Perdomo 2 'Mistakes' Milenario Cameroon

The JR Alts are $38.00 for 20, they look really good. The Perdomo's are for $42.00 for 25 cigars on the devil site, they are a little bigger, and you get 5 more.

Not sure which to go for really. Which would you choose? Any other recommendations?

Thanks fellas.


----------



## Coop D (Oct 19, 2008)

heard some draw issues with Jr's ALt's

Just watch the Devil site for good deals on non 2nds


----------



## Nickerson (Mar 19, 2009)

Coop D said:


> heard some draw issues with Jr's ALt's
> 
> Just watch the Devil site for good deals on non 2nds


Thanks. Theres a Padilla Torpedo Mega-Sampler up for sale on cbid. Might be able to get it for just shy of $50.00. Sells for $70.00, valued at $192.00.

4 - Padilla Achilles Torpedo (6" x 54)
4 - Padilla Habano Torpedo (6.25" x 52)
4 - Padilla Miami Torpedo (6.1" x 52)
4 - Padilla Obsidian Belicoso (6" x 54)
4 - Padilla Series '68 Torpedo (6.1" x 52)

I'll keep an eye on it. 

If I can't get it, might get 1 of the other 2. Not sure which.


----------



## Coop D (Oct 19, 2008)

I say wait for a good Daily deal day, or a Jamblaya day. you can really do some damage!!!


----------



## Nickerson (Mar 19, 2009)

Coop D said:


> I say wait for a good Daily deal day, or a Jamblaya day. you can really do some damage!!!


Hate waiting though. Specially while I have nothing to smoke but some cigarillos at the moment.


----------



## mubuck (Sep 23, 2008)

I don't care for the JR alternatives or the Perdomo 2nds. For the money I prefer the Flor de Oliva bundles, the RP select or 2nds, or the Famous Cigar Supervisor Selection (AB Maxx 2nds)


----------



## Nickerson (Mar 19, 2009)

mubuck said:


> I don't care for the JR alternatives or the Perdomo 2nds. For the money I prefer the Flor de Oliva bundles, the RP select or 2nds, or the Famous Cigar Supervisor Selection (AB Maxx 2nds)
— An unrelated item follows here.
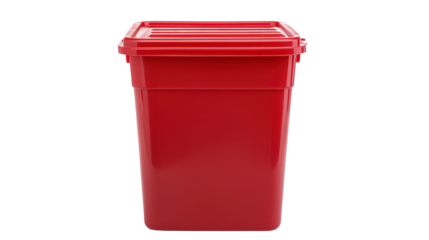 Sharps container for biohazard disposal, red plastic with lid, medical safety item, Transparent background, PNG file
Didn't consider the Flor de Oliva's thanks. 

Giants 1066 (10 x 66)

God that is a monster... 10 inches and a 66 ring gauge? good lord...


----------



## mubuck (Sep 23, 2008)

Nickerson said:


> Didn't consider the Flor de Oliva's thanks.
> 
> Giants 1066 (10 x 66)
> 
> God that is a monster... 10 inches and a 66 ring gauge? good lord...


I like the Corojo and Maduro toros
good luck,


----------



## DBCcigar (Apr 24, 2008)

Fumadores and Benchmande by Pepin


----------



## Coop D (Oct 19, 2008)

Benchmades are solid!!!

Cory.. what about a quick buy on some 5 Vegas???


----------



## Nickerson (Mar 19, 2009)

Coop D said:


> Benchmades are solid!!!
> 
> Cory.. what about a quick buy on some 5 Vegas???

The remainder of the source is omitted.